Neil Garfield Says Warning: Conduct your Due Diligence on ANY Attorney you Hire

Attorney Neil Garfield, ever concerned about public exposure to crooked or incompetent attorneys, writes to readers of his Living Lies blog:


Warning: Conduct your Due Diligence on ANY Attorney you Hire

by Neil Garfield

Before you hire ANY attorney for a phone consultation, to conduct an analysis of your case, or retain them to represent you, please conduct your due diligence first.   A simple google search with their name will usually suffice.

In fact, before you hire Neil Garfield for a consultation, case analysis, or other legal matter I suggest you conduct your due-diligence like you would when hiring any professional.

Always use caution if the Bar has publicly reprimanded an attorney.

If you believe you have been a victim of an unethical Florida foreclosure attorney, please report your experience to the Florida Bar at: https://www.floridabar.org/public/acap/assistance/

Contact me at:

Neil Garfield | March 27, 2018 at 2:54 pm

In the same spirit of consumer advocacy, I decided to help Neil Garfield spread the word.  Here's a little information on Neil himself:

http://www.jaxdailyrecord.com/showstory.php?Story_id=548048

JAX DAILY RECORD  MONDAY, AUG. 1, 2016 12:00 PM EST

Supreme Court disciplines 32 attorneys

The Florida Supreme Court disciplined 32 attorneys — disbarring six, revoking the licenses of two, suspending 16 and publicly reprimanding eight.

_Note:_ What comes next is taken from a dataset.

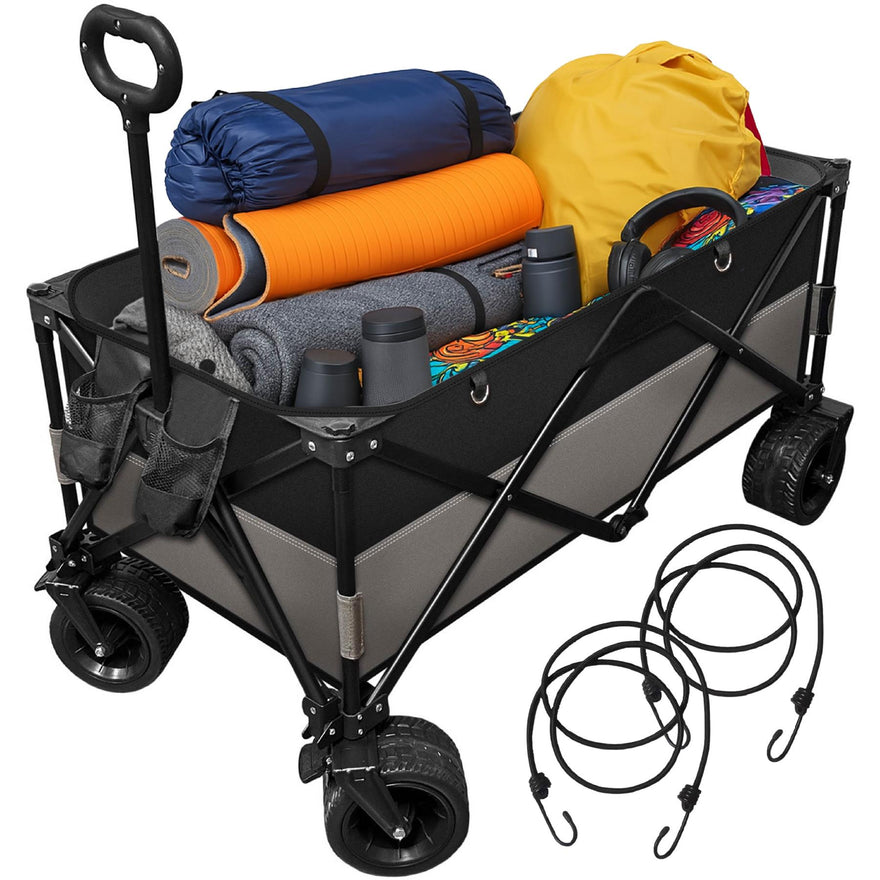 220L Foldable Utility Trolley – Heavy Duty Cart with Carry Bag, Liner & Bungee Ropes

Two attorneys were also placed on probation and another was ordered to pay restitution.

The attorneys are: [...]

  • Neil Franklin Garfield, Parkland, to be publicly reprimanded. (Admitted to practice: 1977) In at least four instances, Garfield accepted money to represent clients and failed to follow through. In one case, Garfield did not perform the work and, when asked for a refund, denied knowing the client. In other cases, he failed to communicate, charged excessive fees, failed to return refunds upon request and failed to timely respond to Bar inquiries.

 

Frivolous Filings and Bogus Legal Theories

Neil Garfield's frivolous filings and bogus legal theories have already cost at least one client, Zdislaw Maslanka, a wad of attorney fees in an utterly frivolous action to get his house free even though he remained current in his mortgage payments.  As the docket entries below show, the Florida 4th District appellate panel affirmed the 17th Circuit's dismissal of the case and ordered Maslanka to pay the attorney fees of the two mortgage creditors that he sued.

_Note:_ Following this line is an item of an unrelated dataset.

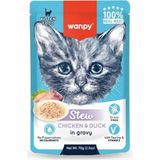Wanpy Stew Pouch 7 gr Tavuklu Ördekli Yaş Kedi Maması Lezzetli Tat ve Besleyici İçerik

  • 4D14-3015-Zdzislaw E. Maslanka v. Wells Fargo Home Mortgage and Embrace Home Loans
05/12/2016 Affirmed ­ Per Curiam Affirmed  
05/12/2016 Order Granting Attorney Fees­Unconditionally ORDERED that the appellee Embrace Home Loans Inc.'s September 2, 2015 motion for attorney's fees is granted. On remand, the trial court shall set the amount of the attorney's fees to be awarded for this appellate case. If a motion for rehearing is filed in this court, then services rendered in connection with the filing of the motion, including, but not limited to, preparation of a responsive pleading, shall be taken into account in computing the amount of the fee
05/12/2016 Order Granting Attorney Fees­Unconditionally ORDERED that the appellee Wells Fargo Home Mortgage's September 3, 2015 motion for attorneys' fees is granted. On remand, the trial court shall set the amount of the attorneys' fees to be awarded for this appellate case. If a motion for rehearing is filed in this court, then services rendered in connection with the filing of the motion, including, but not limited to, preparation of a responsive pleading, shall be taken into account in computing the amount of the fee.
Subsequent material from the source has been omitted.